BMW et Toyota s'allient pour une voiture H2 enfin commercialisable

L’alliance entre Toyota et BMW s’intensifie. Cette nouvelle relation remet en lumière une technologie qui fait débat depuis des décennies, la pile à combustible (PAC). BMW aura accès à la technologie de PAC de Toyota. Ceci marque la fin de la collaboration entre BMW et GM (General Motors) sur la PAC - les deux entreprises ne collaborent désormais plus sur le sujet. Essayons de porter à présent un autre regard sur la situation.

Toyota est très en avance sur la technologie de PAC. L’entreprise fait rouler des voitures à pile à combustible hybrides (FCHV, Fuel Cell Hybrid Vehicles) depuis dix ans. En 2009, Toyota lance son FCHV-adv, un tout terrain avec la technologie hybride de la Toyota Prius connectée à une pile à combustible de 90kW. La voiture a tout juste été testée il y a quelques mois sur les terres de Torrance en Californie. Excepté une conduite étrangement silencieuse du tout terrain, la promenade était sans grande surprise.

Avec un réservoir d’hydrogène plein, nous aurions pu faire la route jusqu’à San Francisco et plus encore [ndlr plus de 630km], pas d’inquiétudes de ce côté-là. Les véhicules à hydrogène ont tous les avantages d’un véhicule sur batteries, c'est-à-dire zéro émissions (la PAC produit de l’eau), et quasiment aucun de ses inconvénients.

Si vous voulez conduire un véhicule à zéro émission de CO2 au pot d’échappement, vous avez le choix entre les batteries ou les piles à combustibles. Une PAC est tout simplement une batterie. Les deux systèmes utilisent une réaction chimique pour produire de l’électricité. Lorsque les produits chimiques de la batterie sont épuisés, vous devez la recharger ou la jeter. Les produits chimiques de la PAC sont l’hydrogène et l’oxygène. Vous fournissez l’hydrogène. La PAC utilise gratuitement l’oxygène de l’air pour produire de l’électricité et de l’eau (H2O).

Les partisans de la technologie affirment que du « puit à la roue », les PAC induisent moins d’émissions que les batteries. Faire le plein du réservoir ne devrait pas prendre plus de temps qu’avec du sans plomb. Rendez-vous ensuite pour le prochain arrêt dans 600km.

Malgré les quelques rumeurs que l’on entend de temps à autres, à propos d’une nouvelle avancée dans la technologie des batteries, le seul moyen aujourd’hui d'améliorer l’autonomie des voitures à batteries, est simplement d’ajouter de nouvelles batteries. Mais cela devient très vite inutile car chaque batterie ajoutée implique du poids en plus. Il faut donc des freins de plus grande dimension, un moteur plus puissant, un châssis plus solide pour porter la masse, et au final de nouvelles batteries. Et plus que tout, cela devient atrocement cher.

De la même façon que l’électricité, l’hydrogène n’est pas un moyen de produire de l’énergie, c’est un moyen pour la transporter. Et il  peut être produit par toutes les sources d’électricité.

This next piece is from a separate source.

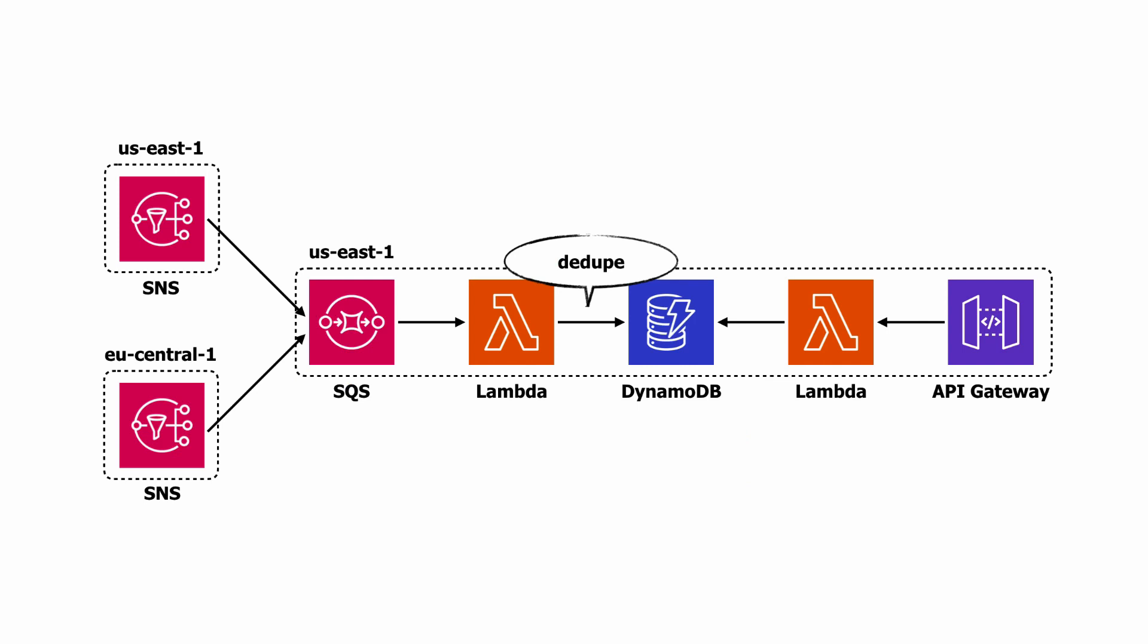However, in this setup, you end up ingesting the same data twice, so you do need to perform deduplication somewhere. It can be done using conditional writes when you insert the data into DynamoDB.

Pourquoi donc, ne sommes-nous pas en train de rouler avec des véhicules à hydrogène aujourd’hui? Il y a un certain nombre de challenges technologiques, mais comme l’indiquait l’an dernier, Satoshi Ogiso, Ingénieur en Chef chez Toyota, ils ont tous été surmontés. Le seul problème auquel Ogiso est confronté à présent, c’est l’argent.

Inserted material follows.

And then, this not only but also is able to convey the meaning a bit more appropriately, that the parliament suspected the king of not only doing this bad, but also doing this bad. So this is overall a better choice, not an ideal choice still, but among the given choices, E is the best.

« Pour nous, la seule problématique restante dans l’avenir des véhicules à PAC, c’est le coût de production à grande échelle » - Satoshi Ogiso

La technologie actuelle de pile à combustible est encombrante, lourde et chère. Avec suffisamment d’ampleur, la taille et le prix du système peut être réduits considérablement. Toyota prévoit de lancer un véhicule à PAC commercial en 2015. Mais il sera toujours cher, le Nikkei le chiffre à 5 millions de yen (50 000€). D’ici 2012, Ogiso prévoit que les voitures à hydrogène seront enfin abordables.